Saved data entries
*****
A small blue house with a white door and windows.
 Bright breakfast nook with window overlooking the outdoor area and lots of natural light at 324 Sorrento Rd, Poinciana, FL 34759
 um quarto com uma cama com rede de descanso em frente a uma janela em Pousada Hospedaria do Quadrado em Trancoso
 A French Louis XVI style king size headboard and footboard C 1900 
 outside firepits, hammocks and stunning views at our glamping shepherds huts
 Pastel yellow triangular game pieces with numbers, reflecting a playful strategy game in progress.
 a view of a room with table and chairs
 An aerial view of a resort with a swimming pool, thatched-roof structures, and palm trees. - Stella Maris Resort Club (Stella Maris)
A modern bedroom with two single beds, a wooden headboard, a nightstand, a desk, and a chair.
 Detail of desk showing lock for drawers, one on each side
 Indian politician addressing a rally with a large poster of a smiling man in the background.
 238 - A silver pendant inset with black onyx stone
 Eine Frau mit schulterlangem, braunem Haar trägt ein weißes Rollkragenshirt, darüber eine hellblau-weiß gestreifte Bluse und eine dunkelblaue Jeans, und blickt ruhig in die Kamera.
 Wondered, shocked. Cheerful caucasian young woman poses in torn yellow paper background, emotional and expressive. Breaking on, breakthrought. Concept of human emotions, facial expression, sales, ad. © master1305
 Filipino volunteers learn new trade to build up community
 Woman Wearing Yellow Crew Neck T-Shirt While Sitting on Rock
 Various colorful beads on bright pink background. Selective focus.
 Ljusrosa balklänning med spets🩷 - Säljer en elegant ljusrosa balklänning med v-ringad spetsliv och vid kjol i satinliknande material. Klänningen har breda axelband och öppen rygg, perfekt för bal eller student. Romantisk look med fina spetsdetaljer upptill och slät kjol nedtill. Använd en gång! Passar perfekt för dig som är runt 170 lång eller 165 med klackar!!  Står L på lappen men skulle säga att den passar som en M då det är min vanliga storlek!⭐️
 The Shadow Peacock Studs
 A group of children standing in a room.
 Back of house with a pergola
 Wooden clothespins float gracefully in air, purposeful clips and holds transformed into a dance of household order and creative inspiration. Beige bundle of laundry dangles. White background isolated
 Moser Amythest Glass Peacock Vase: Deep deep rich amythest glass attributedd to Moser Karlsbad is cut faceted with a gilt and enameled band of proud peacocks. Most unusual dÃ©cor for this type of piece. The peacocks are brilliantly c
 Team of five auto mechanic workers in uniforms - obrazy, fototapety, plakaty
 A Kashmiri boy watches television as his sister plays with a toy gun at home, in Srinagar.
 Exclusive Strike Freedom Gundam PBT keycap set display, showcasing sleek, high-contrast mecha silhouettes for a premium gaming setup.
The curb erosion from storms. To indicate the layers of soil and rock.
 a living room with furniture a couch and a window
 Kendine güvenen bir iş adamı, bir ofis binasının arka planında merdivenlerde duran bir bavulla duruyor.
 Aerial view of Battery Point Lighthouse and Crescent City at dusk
*****
TASK TO COMPLETE -> In full and without alteration, repeat the records.

EXERCISE RESULT ->
A small blue house with a white door and windows.
 Bright breakfast nook with window overlooking the outdoor area and lots of natural light at 324 Sorrento Rd, Poinciana, FL 34759
 um quarto com uma cama com rede de descanso em frente a uma janela em Pousada Hospedaria do Quadrado em Trancoso
 A French Louis XVI style king size headboard and footboard C 1900 
 outside firepits, hammocks and stunning views at our glamping shepherds huts
 Pastel yellow triangular game pieces with numbers, reflecting a playful strategy game in progress.
 a view of a room with table and chairs
 An aerial view of a resort with a swimming pool, thatched-roof structures, and palm trees. - Stella Maris Resort Club (Stella Maris)
A modern bedroom with two single beds, a wooden headboard, a nightstand, a desk, and a chair.
 Detail of desk showing lock for drawers, one on each side
 Indian politician addressing a rally with a large poster of a smiling man in the background.
 238 - A silver pendant inset with black onyx stone
 Eine Frau mit schulterlangem, braunem Haar trägt ein weißes Rollkragenshirt, darüber eine hellblau-weiß gestreifte Bluse und eine dunkelblaue Jeans, und blickt ruhig in die Kamera.
 Wondered, shocked. Cheerful caucasian young woman poses in torn yellow paper background, emotional and expressive. Breaking on, breakthrought. Concept of human emotions, facial expression, sales, ad. © master1305
 Filipino volunteers learn new trade to build up community
 Woman Wearing Yellow Crew Neck T-Shirt While Sitting on Rock
 Various colorful beads on bright pink background. Selective focus.
 Ljusrosa balklänning med spets🩷 - Säljer en elegant ljusrosa balklänning med v-ringad spetsliv och vid kjol i satinliknande material. Klänningen har breda axelband och öppen rygg, perfekt för bal eller student. Romantisk look med fina spetsdetaljer upptill och slät kjol nedtill. Använd en gång! Passar perfekt för dig som är runt 170 lång eller 165 med klackar!!  Står L på lappen men skulle säga att den passar som en M då det är min vanliga storlek!⭐️
 The Shadow Peacock Studs
 A group of children standing in a room.
 Back of house with a pergola
 Wooden clothespins float gracefully in air, purposeful clips and holds transformed into a dance of household order and creative inspiration. Beige bundle of laundry dangles. White background isolated
 Moser Amythest Glass Peacock Vase: Deep deep rich amythest glass attributedd to Moser Karlsbad is cut faceted with a gilt and enameled band of proud peacocks. Most unusual dÃ©cor for this type of piece. The peacocks are brilliantly c
 Team of five auto mechanic workers in uniforms - obrazy, fototapety, plakaty
 A Kashmiri boy watches television as his sister plays with a toy gun at home, in Srinagar.
 Exclusive Strike Freedom Gundam PBT keycap set display, showcasing sleek, high-contrast mecha silhouettes for a premium gaming setup.
The curb erosion from storms. To indicate the layers of soil and rock.
 a living room with furniture a couch and a window
 Kendine güvenen bir iş adamı, bir ofis binasının arka planında merdivenlerde duran bir bavulla duruyor.
 Aerial view of Battery Point Lighthouse and Crescent City at dusk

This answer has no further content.